__Activity__
The entire listing that follows must be repeated exactly, pictures excluded.

__Information supplied__

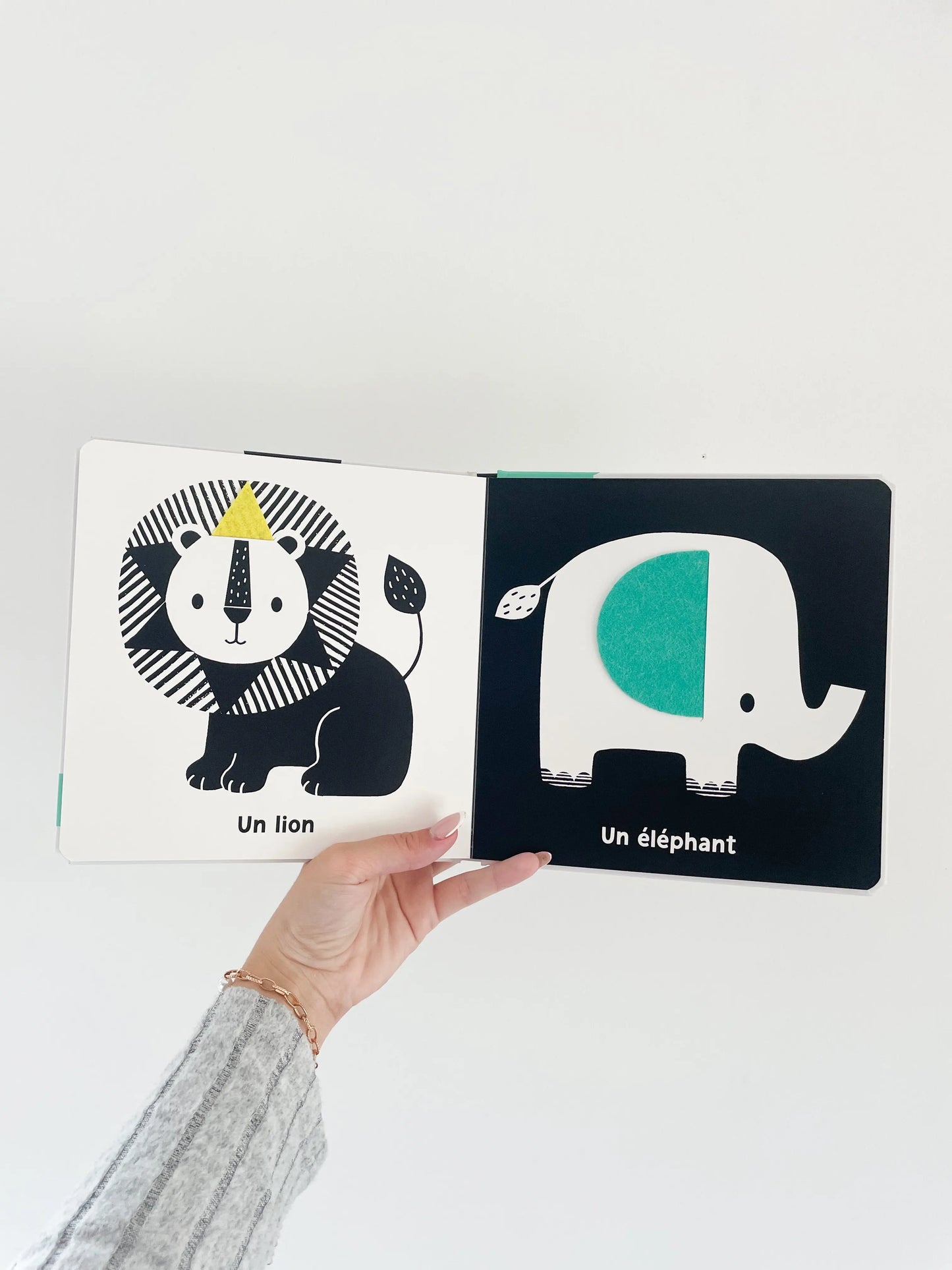Livre noir et blanc bébé sur les animaux géant. Page intérieur. Lion et éléphant. Livre pour nouveau né.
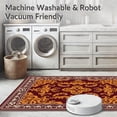 thumbnail image 5 of ODIKA 5'x7' Machine Washable Non-Slip Area Rug, Elegant Damask Motif with Symmetrical Interlocking Scrolls High Traffic Rug with Pad, Maroon, 679354, 5 of 8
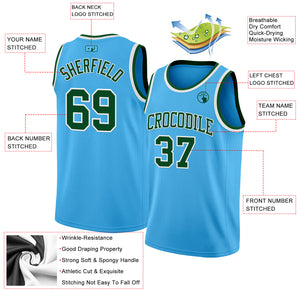 Custom Sky Blue Green-White Authentic Basketball Jerse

__Exercise answer__
Livre noir et blanc bébé sur les animaux géant. Page intérieur. Lion et éléphant. Livre pour nouveau né.
 thumbnail image 5 of ODIKA 5'x7' Machine Washable Non-Slip Area Rug, Elegant Damask Motif with Symmetrical Interlocking Scrolls High Traffic Rug with Pad, Maroon, 679354, 5 of 8
 Custom Sky Blue Green-White Authentic Basketball Jerse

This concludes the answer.